On the surface, A House Unsettled (Annick Press, out now), the new novel by Montreal writer Trynne Delaney, is a classic haunted house story (and a genuinely chilling one at that). It’s also a powerful coming of age story, fraught with difficult family and social dynamics as well as an incisive exploration of race, gender, and sexuality that encompasses the historical and the contemporary.

How would you describe A House Unsettled?
It’s a story about a girl, Asha, who’s isolated by a change in surroundings [a run-down house in the country] and tries to engage with her family history while also dealing with her father’s incarceration.

What was the inspiration for the book?
Growing up, I didn’t see many stories about people who are like me. Similar to Asha, the main character, I grew up in Montreal and then moved to New Brunswick. My family is also Black Loyalist and European settler from New Brunswick, so I wanted to make sure the story was reflective of that experience.

Why horror? What is it about the genre that lends itself to this story?
Coming to understand history more deeply as you enter the world as an adult can be pretty horrifying in a lot of ways. Whether it’s personal or political, you start to see how structures affect our day-to-day lives. I wanted to write [A House Unsettled] as a ghost story [to also investigate] the ways the stories we don’t know affect us.

Speaking of ghosts: This is a ghost story, but there are different kinds of ghosts that are haunting our protagonist. Could you break those down?
There’s the obvious ghosts, the spirits in Asha’s house, that have either experienced violence or perpetrated violence and are continuing to manifest their reality. There’s also the more subtle ghosts of the past, histories that she isn’t really connected with yet but starts to understand a bit better. Her dad, who is incarcerated, is also a ghostly presence in her life. Then there’s the brother that Cole, her new neighbour, has lost, and that’s yet another type of ghost.
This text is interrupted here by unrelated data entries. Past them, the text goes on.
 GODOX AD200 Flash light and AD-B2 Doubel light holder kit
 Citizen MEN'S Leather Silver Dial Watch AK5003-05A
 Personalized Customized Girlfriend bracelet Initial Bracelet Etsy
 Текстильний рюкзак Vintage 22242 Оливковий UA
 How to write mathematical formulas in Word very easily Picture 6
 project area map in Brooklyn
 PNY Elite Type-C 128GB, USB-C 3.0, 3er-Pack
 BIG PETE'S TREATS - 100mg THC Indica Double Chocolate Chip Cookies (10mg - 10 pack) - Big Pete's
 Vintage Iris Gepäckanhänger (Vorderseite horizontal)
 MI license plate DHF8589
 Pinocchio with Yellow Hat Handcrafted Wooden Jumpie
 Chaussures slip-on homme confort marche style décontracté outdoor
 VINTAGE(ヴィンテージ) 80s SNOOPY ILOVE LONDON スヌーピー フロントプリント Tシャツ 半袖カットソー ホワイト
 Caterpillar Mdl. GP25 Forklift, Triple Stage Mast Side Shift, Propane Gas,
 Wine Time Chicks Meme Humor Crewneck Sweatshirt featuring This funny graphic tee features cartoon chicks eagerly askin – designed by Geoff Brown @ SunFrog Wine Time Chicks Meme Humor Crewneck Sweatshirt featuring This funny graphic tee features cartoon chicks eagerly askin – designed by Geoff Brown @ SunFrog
The novel powerfully foregrounds issues around race, gender, and sexuality; how amenable was the horror genre to these threads?
I think horror has been dealing with problems of gender, sexuality, and race for a really long time. I enjoy looking into that history, and when I watch horror movies, I’m always excited by the interesting ways films engage with it.

Were there books, movies, or other works of art that inspired your approach to A House Unsettled?
Reading [Toni Morrison’s] Beloved was definitely influential for me when I was younger. It made me see horror as a genre differently than I had up until that point. I read [Shirley Jackson’s] We Have Always Lived in the Castle and thought about it a lot while I was writing. And then Candyman, which I put in the book, was a movie that has really influenced me and a lot of my work.

What do you hope readers take away from A House Unsettled?
I hope they take away generosity, an understanding of different people’s perspectives in a situation that’s pretty complex, and find ways to use that generosity to move to a place that’s better and let go of the things they don’t need anymore.

This interview has been edited and condensed.